Still, despite the fact that we do not know the exact cause of these post-stimulation changes, they seem to appear more frequently in some nodes than in others and several factors could explain why those nodes in particular were affected. Specifically, the brain regions that these nodes represent are characterized by increased connectivity with the stimulated regions as well as by a small Euclidian distance from the stimulated regions. Additionally, the effect the connections with the stimulated regions seemed to be greater than average (increased connection weights). Finally, the Jaccard index (common neighbours) of the affected nodes and the stimulated nodes was higher than in regions that were not affected. Moreover, the frequency of excitation among the six most commonly excited nodes (Fig 6) is correlated with the aforementioned metrics of the corresponding brain regions. For example, the node representing the entorhinal cortex that was affected in 17 of the subjects, scores higher in all the metrics (connectivity, Jaccard index, etc.) than the node representing the putamen which was excited in 2 of the subjects. A ranking of all the regions according to those metrics is given in Table 2. Moreover, the corresponding absolute values are presented in the supplementary information (S1 Table).

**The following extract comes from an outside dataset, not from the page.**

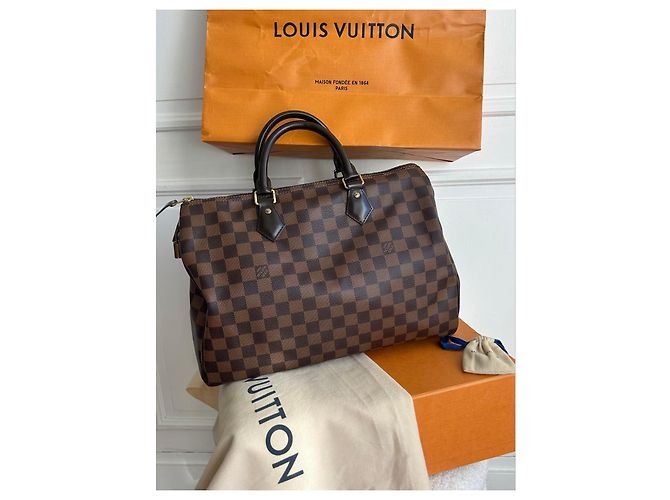Louis Vuitton Borsa Speedy 35 Damier Ébène Marrone - vista 2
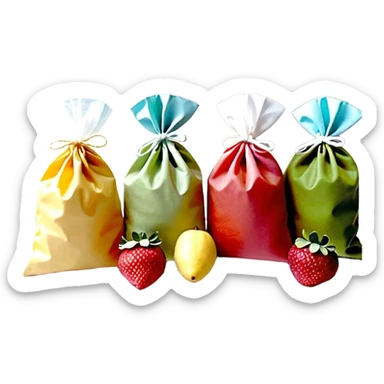 Ein weicher, bunter Standbeutel für Kinder, gefüllt mit püriertem Obstmus. Oben hat er einen kleinen wiederverschließbaren Schraubverschluss, aus dem Kinder direkt trinken oder saugen. Verpackung wie Babynahrung-Beutel aus dem Supermarkt, mit fröhlichem Obst-Design (Apfel, Banane, Erdbeere). sticker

We wondered whether these observed secondary effects may have clinical significance. The patients from whom the data originated had received resective surgery (not stimulation) of the seizure causing brain regions (amygdalohippocampectomy) and the outcome of these surgeries was known for a number of them (17 subjects). We found that the increased effect in the secondary nodes that was observed in the epileptic group was weakly correlated with a worse outcome of resective surgery: Epileptic subjects who presented a long-lasting effect on secondary nodes after stimulation within our model, i.e. higher values of the local effect measures compared with other non-stimulated nodes at the end of the simulation, were on average less likely (3.225 ± 1.220 on the ILAE classification scale) than those who did not present such effects (2.011 ± 1.110) to benefit from surgery (p-value = 0.0484, Cohen’s d = 1.042). Still, given the important differences between surgery and stimulation as well as the small sample size, it is very possible that this finding is not meaningful and further research with larger samples and experimental data from patients who received brain stimulation is required to evaluate any potential clinical application of this framework.